• **TASK ITEM**: Once the line holding "web development tutorial" is found in the entries below, transcribe exactly every line up to and including the one holding "vintage cat illustration", but leave out the pictures.

---------- SOURCE MATERIAL

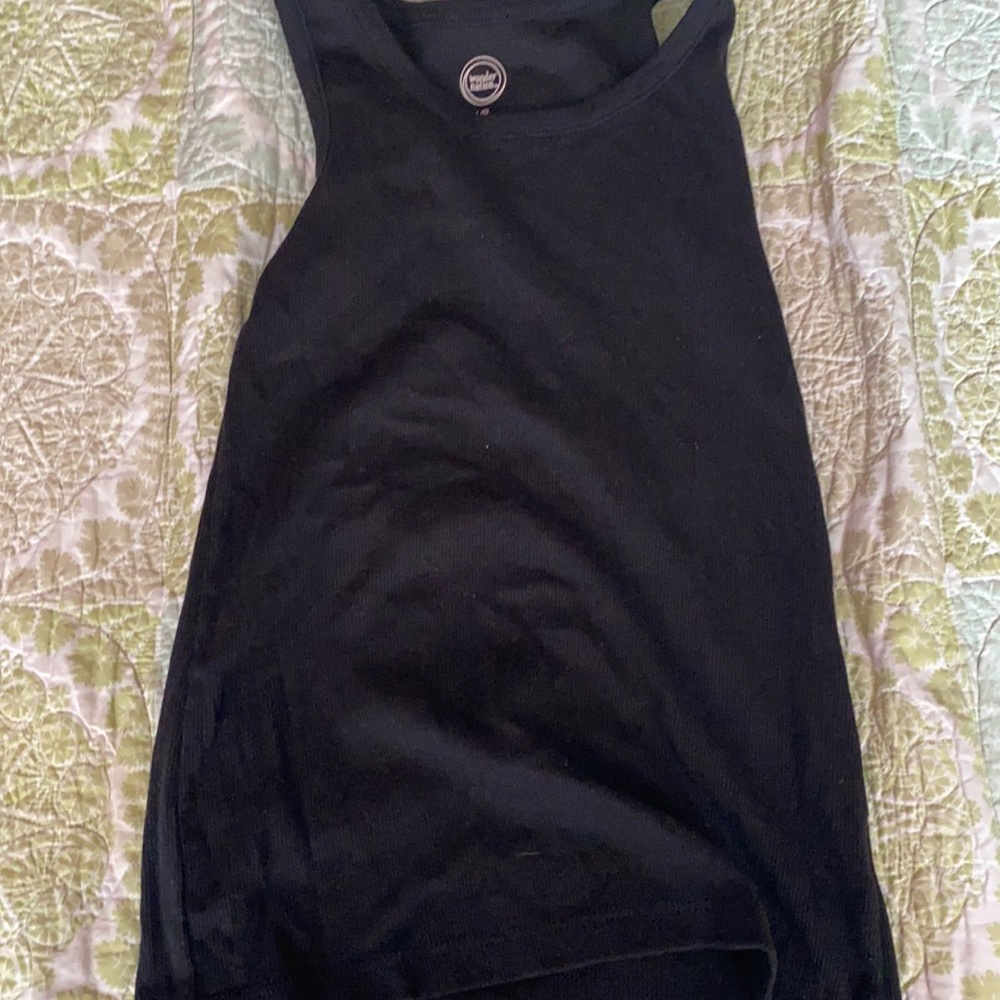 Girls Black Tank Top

--------------------
---------- SOURCE MATERIAL

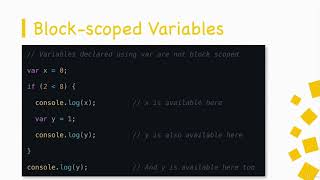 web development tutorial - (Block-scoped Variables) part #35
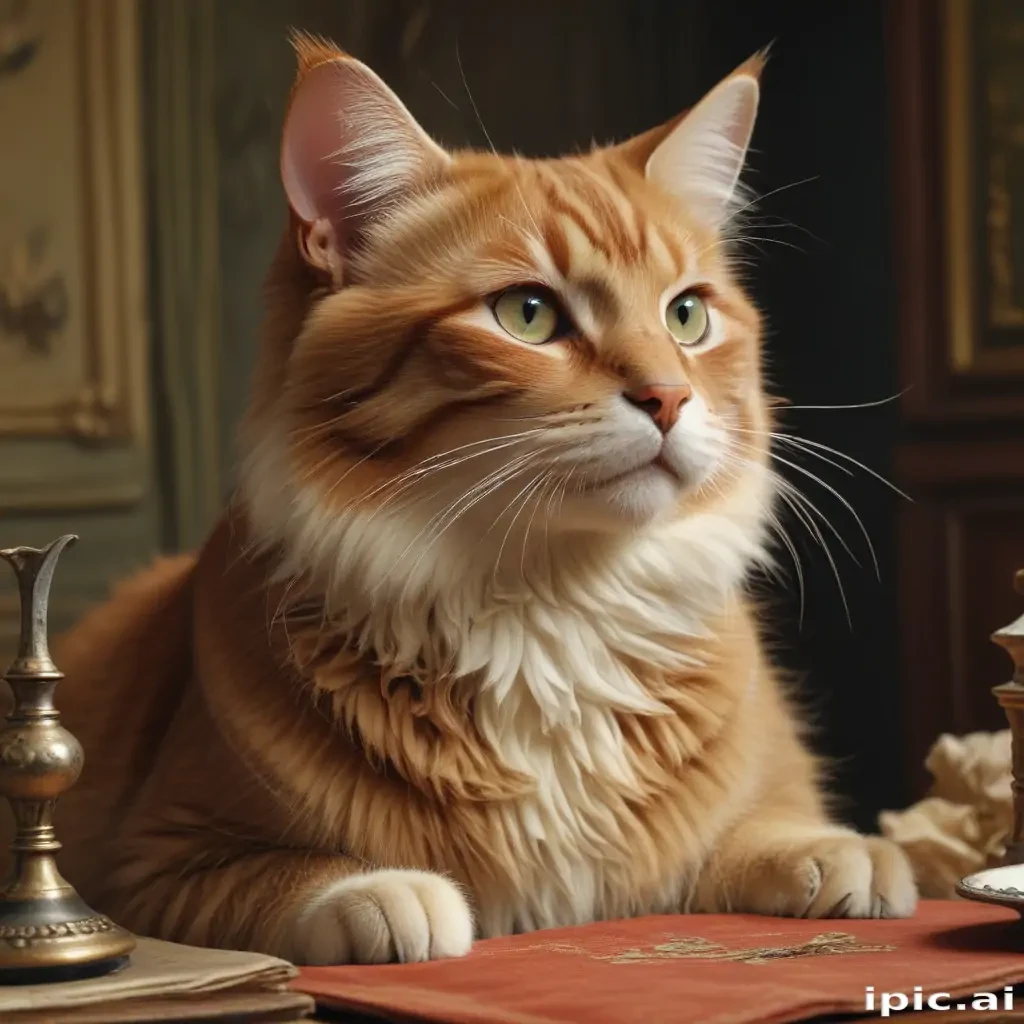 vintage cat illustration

--------------------
---------- SOURCE MATERIAL

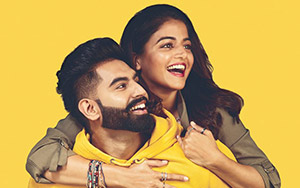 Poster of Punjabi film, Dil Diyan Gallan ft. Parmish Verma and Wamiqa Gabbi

--------------------

• **RESPONSE TO THIS EXERCISE**:
 web development tutorial - (Block-scoped Variables) part #35
 vintage cat illustration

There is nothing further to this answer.